00:16:57 lenarAnd third, a strange one at the edge of our beat. A US court ordered Circle — the stablecoin company — to blacklist a smart contract tied to a group called Zama, freezing about twelve and a half million dollars. The Block reported it, and their framing was that a lot of ordinary holders got caught in the crossfire of a civil suit against a decentralized org. The point that matters for us: programmable money means a court order can freeze one specific contract.
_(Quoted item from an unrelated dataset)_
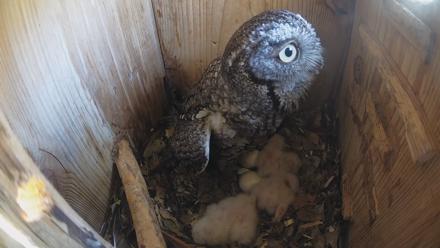 Eastern Screech Owl Nest Box Live Webcam - Mar 22, 2026, 2:01pm CDT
That freeze function isn't theoretical. It just got used.

00:17:27 damraAnd that's the through-line for the whole morning, if there is one. Every layer we touched has a control surface someone's reaching for. The model's honesty dial, the journal's missing verification, and the stablecoin's freeze function. The capability's not usually the story anymore. Who holds the dial is.

00:17:45 lenarSo, into the week, three specific things I can actually check. One: does anyone run Opus 4.8 on a fresh, private eval and either confirm or kill that DeepSWE result. Two: does a single one of these memory projects ship a controlled before-and-after. Three: does even one journal turn on automated reference-checking after this Lancet number. All three are answerable, none of them are about godhood, and we'll see what Monday brings.